This document introduces the core concepts and logic of Skenario, a simulator for HPA.
Skenario is a simulator that borrows ideas from two distinct schools of modeling: Discrete Event Simulation (DES) and Systems Dynamics (SD).
The motivation for Skenario is to present the Horizontal Pod Autoscaler with synthetic inputs that lead to realistic reactions, so that its behaviour can be understood under various scenarios.
Quoting from the original issue:
Autoscaling is a surprisingly difficult problem with a number of nested and overlapping problems to solve. In developing solutions, we can aim to validate or invalidate our design hypotheses in three main ways:
- Empirically
- From production observations
- From load & performance testing
- Theoretically
- Applying control theory
- Applying queueing theory
- With simulation
Because each validation approach has different strengths and weaknesses. Empirical validation is the final word, but is a slow-moving feedback loop (hours to months). Theoretical validation can dramatically shrink the solution search space, but is less accessible to each of our key personae (developers, operators, contributors) and does not yet address problems that remain unsolved in the research literature.
Simulation splits the difference: it is faster than empirical validation with the risk of inaccuracy, simpler than theoretical validation with the cost of implementation. Simulation is intended to provide contributors with the ability to rapidly explore the design space and iterate on solutions. It is also intended to illuminate potential problems in advance of implementation. Simulation will probably provide input into autoscaling, routing, serving and upstream projects.
A Discrete Event Simulation (DES), as the name suggests, updates the simulation based on messages, commands, objects or some other representation of an "event" that mutates the state of the simulated world. In Discrete Event Simulation, time is discrete: it is divided into units that cannot be further subdivided.
By contrast, in Systems Dynamics, time is a continuous variable.

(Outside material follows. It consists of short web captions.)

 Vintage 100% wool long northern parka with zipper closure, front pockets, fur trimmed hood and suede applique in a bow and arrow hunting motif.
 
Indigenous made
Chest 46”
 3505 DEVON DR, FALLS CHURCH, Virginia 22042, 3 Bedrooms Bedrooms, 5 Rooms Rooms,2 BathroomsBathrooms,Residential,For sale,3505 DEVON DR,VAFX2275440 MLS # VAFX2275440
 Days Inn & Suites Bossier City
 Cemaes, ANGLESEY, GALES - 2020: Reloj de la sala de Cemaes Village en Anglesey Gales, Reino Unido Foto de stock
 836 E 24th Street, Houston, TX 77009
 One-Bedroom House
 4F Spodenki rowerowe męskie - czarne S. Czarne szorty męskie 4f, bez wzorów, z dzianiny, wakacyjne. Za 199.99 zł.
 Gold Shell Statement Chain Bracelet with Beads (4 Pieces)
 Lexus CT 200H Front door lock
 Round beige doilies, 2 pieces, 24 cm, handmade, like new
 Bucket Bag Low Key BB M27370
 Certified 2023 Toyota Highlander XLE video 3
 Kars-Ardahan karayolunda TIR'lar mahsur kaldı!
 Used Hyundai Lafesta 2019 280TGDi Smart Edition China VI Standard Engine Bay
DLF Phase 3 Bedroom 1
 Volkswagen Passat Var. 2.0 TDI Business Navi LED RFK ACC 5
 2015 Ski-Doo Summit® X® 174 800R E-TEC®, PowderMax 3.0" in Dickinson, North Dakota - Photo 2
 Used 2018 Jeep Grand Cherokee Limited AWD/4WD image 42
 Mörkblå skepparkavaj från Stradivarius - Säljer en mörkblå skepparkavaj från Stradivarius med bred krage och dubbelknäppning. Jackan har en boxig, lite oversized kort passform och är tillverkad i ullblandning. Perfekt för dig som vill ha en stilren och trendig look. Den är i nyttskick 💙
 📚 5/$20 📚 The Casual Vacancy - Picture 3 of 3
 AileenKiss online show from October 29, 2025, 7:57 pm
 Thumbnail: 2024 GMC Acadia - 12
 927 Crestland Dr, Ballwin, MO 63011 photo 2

There are no discrete "events", rather there are "Flows" that represents rates of change.
The DES approach enables a key computational shortcut. When an event occurs, the overall simulation clock can be advanced to that occurrence time. Times between events need not be simulated. To an outside observer the clock "skips" from event to event. This design is known in DES terminology as a "next-event" simulation.
By contrast, to simulate a continuous system, it will usually be necessary to numerically solve integral calculus equations. This means iteratively computing fixed slices of time. In DES terminology this is a "fixed-interval" simulation, alternatively "continuous-time" simulation.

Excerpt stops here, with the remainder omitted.